__Input data__
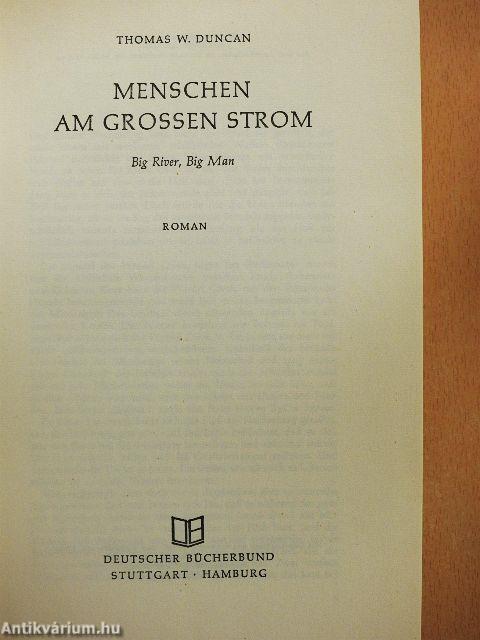 Menschen am grossen Strom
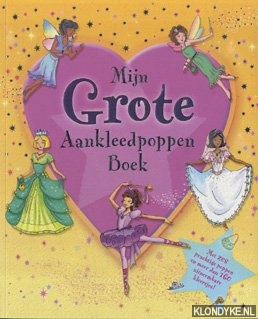 Diverse auteurs - Mijn grote aankleedpoppen boek. Met zes prachtige poppen en meer dan 160 uitneembare kleertjes
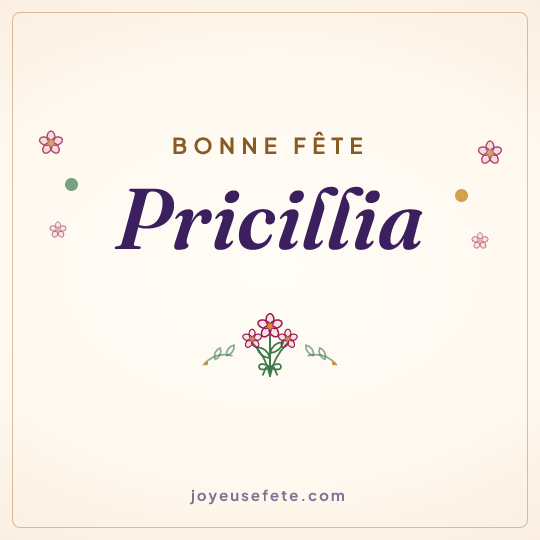 Image carrée « Bonne fête Pricillia » pour WhatsApp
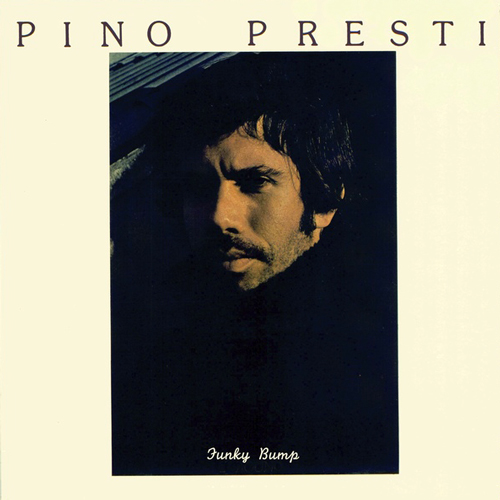 PINO PRESTI / FUNKY BUMP (12")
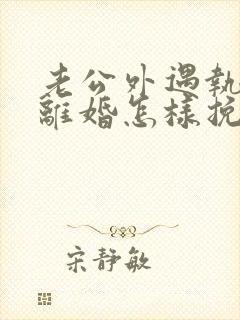 老公外遇执意要离婚怎样挽回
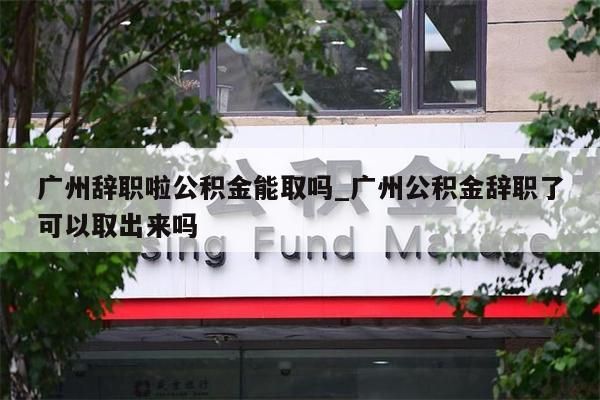 广州辞职啦公积金能取吗_广州公积金辞职了可以取出来吗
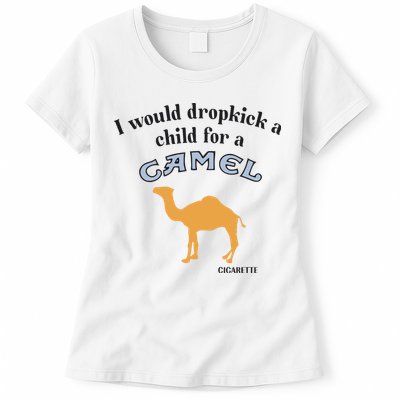 I Would Dropkick A Child For A Camel Cigarette Womens T-Shirt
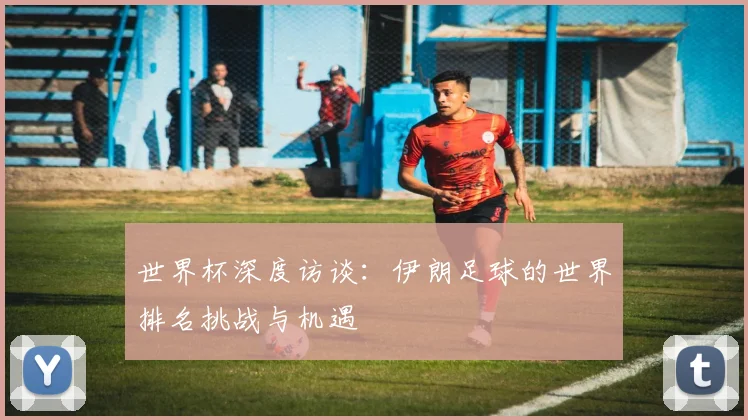 世界杯深度访谈：伊朗足球的世界排名挑战与机遇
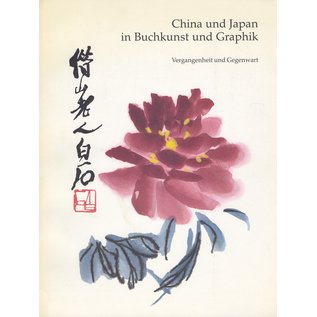 Ludwig Reichert Verlag Wiesbaden China und Japan in Buchkunst und Grafik, von Gunter Diesinger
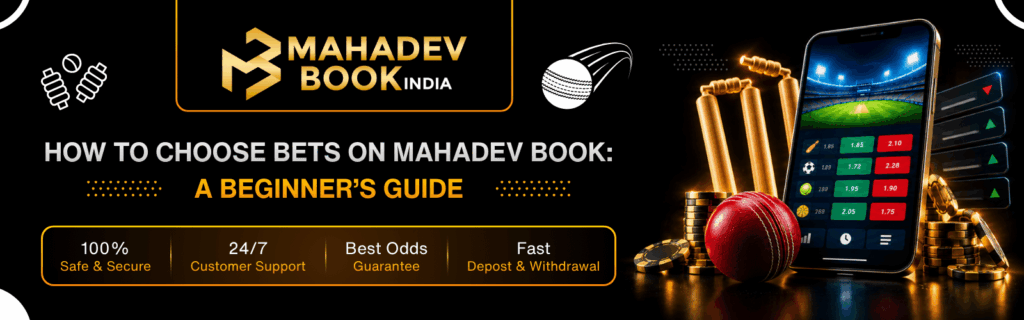 How to Choose Bets on Mahadev Book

__Action item__
Working from the listing above, retype it exactly but include no images.

__Output for this exercise__
 Menschen am grossen Strom
 Diverse auteurs - Mijn grote aankleedpoppen boek. Met zes prachtige poppen en meer dan 160 uitneembare kleertjes
 Image carrée « Bonne fête Pricillia » pour WhatsApp
 PINO PRESTI / FUNKY BUMP (12")
 老公外遇执意要离婚怎样挽回
 广州辞职啦公积金能取吗_广州公积金辞职了可以取出来吗
 I Would Dropkick A Child For A Camel Cigarette Womens T-Shirt
 世界杯深度访谈：伊朗足球的世界排名挑战与机遇
 Ludwig Reichert Verlag Wiesbaden China und Japan in Buchkunst und Grafik, von Gunter Diesinger
 How to Choose Bets on Mahadev Book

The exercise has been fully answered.